Understanding insertion loss and loss budgets: Make or break an ICT career Digital Transformation and Industrial IoT age Part 3 of 3

June 19, 2019 / General, 101 learning, Installation and testing, Industrial Networks, Best Practices

Expert Profile: Vangie Michenzi, Senior Fiber Optic Project Manager, Advanced Communication Technology Services

Part 3 of a three-part series

In this day and age, with everyone preparing for the future of 5G, the internet of things, and industrial automation, if you’re a contractor or technician you better know and understand loss budgets!

That’s the sage advice Vangie Michenzi shared in the last post of her Fluke Networks Expert Profile. Knowing all there is to know about insertion loss and loss budgets is what Vangie credits for making her one of the most in-demand troubleshooters in the West.

Understanding loss is the most important part of Vangie’s job and sets her apart from competitors - who often hire her and Advanced Communication Technology Services to find and fix all manner of fiber issues and problems.

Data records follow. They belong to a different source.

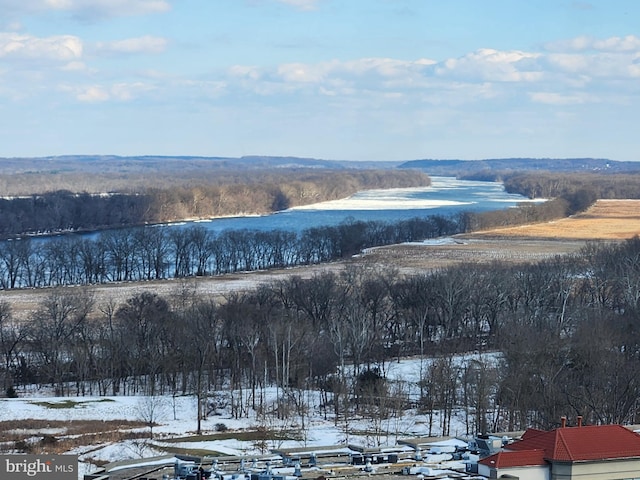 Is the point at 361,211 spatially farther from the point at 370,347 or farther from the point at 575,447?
the point at 575,447

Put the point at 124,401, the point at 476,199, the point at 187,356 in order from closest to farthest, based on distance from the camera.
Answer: the point at 124,401 → the point at 187,356 → the point at 476,199

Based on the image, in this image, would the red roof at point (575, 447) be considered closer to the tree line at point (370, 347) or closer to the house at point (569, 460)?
the house at point (569, 460)

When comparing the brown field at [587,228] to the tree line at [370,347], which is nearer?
the tree line at [370,347]

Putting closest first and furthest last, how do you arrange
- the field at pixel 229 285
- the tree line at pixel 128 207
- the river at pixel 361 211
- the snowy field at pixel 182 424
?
1. the snowy field at pixel 182 424
2. the field at pixel 229 285
3. the tree line at pixel 128 207
4. the river at pixel 361 211

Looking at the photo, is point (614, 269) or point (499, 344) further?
point (614, 269)

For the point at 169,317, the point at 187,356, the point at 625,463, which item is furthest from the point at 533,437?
the point at 169,317

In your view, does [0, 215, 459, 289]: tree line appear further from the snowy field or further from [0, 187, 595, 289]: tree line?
the snowy field

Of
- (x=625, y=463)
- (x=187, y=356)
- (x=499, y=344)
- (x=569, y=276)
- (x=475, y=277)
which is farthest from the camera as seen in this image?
(x=569, y=276)

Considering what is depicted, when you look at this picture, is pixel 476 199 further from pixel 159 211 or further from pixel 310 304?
pixel 310 304

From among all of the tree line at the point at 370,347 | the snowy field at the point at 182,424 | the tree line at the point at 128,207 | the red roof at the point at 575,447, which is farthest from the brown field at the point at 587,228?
the red roof at the point at 575,447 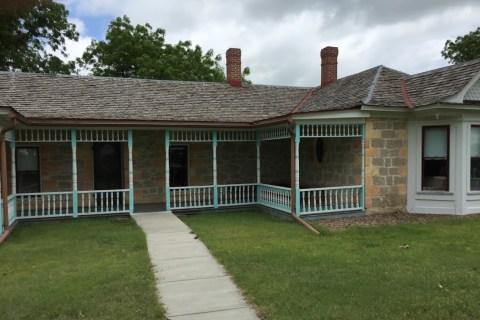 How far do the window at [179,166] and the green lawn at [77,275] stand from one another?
422 cm

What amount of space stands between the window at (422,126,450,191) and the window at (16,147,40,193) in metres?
11.6

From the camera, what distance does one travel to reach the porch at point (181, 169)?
11.2 m

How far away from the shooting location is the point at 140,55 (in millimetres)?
30406

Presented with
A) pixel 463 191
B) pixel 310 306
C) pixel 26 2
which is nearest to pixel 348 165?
pixel 463 191

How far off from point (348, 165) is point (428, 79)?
11.9ft

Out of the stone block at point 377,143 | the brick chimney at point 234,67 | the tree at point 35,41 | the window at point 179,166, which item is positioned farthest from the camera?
the tree at point 35,41

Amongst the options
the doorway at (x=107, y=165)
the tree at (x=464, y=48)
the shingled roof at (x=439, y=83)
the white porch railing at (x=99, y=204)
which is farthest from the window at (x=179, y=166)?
the tree at (x=464, y=48)

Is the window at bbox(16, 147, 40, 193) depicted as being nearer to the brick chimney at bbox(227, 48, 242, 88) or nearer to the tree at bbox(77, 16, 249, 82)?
the brick chimney at bbox(227, 48, 242, 88)

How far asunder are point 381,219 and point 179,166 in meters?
7.01

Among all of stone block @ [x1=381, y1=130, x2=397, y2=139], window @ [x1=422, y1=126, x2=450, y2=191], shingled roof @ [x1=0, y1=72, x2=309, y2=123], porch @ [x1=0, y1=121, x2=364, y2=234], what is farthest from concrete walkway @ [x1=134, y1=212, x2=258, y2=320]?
window @ [x1=422, y1=126, x2=450, y2=191]

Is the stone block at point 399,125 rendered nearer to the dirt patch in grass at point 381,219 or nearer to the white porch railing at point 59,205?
the dirt patch in grass at point 381,219

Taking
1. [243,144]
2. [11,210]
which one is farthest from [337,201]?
[11,210]

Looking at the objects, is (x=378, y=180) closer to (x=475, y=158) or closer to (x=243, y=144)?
(x=475, y=158)

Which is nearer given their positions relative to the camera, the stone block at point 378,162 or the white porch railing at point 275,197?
the stone block at point 378,162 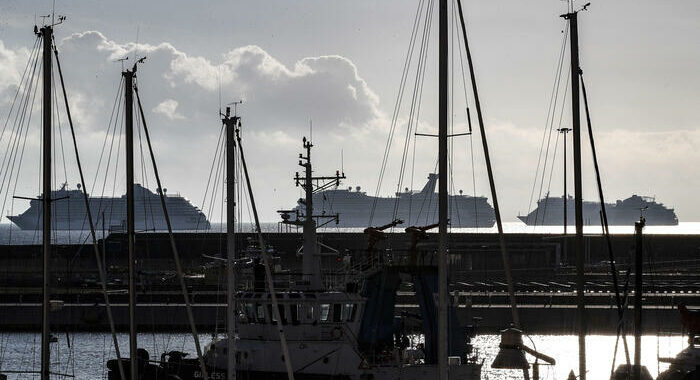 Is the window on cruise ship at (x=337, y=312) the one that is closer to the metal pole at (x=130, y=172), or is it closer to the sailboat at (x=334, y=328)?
the sailboat at (x=334, y=328)

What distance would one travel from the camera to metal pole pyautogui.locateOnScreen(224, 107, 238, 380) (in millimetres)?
34156

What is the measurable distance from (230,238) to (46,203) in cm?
485

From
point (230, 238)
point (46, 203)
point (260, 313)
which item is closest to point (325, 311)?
point (260, 313)

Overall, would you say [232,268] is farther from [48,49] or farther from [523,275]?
[523,275]

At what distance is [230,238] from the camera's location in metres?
34.5

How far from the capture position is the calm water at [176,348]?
58812mm

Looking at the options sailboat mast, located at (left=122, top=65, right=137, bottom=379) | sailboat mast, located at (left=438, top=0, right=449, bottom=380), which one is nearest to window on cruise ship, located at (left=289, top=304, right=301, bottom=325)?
sailboat mast, located at (left=122, top=65, right=137, bottom=379)

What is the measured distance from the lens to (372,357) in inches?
1686

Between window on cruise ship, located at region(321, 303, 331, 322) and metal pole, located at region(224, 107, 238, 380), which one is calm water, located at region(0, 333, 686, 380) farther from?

In Vangie’s point of view, understanding “loss” and how loss budgets work hand-in-hand with transmission equipment is the skill and knowledge that will set a “great” ICT contractor and technician apart from “good” ones.

Understanding loss budgets will be THE most important part of an ICT technician’s job

Understanding loss means you can design networks properly, identify the good and bad in the network design, and then solve problems more easily.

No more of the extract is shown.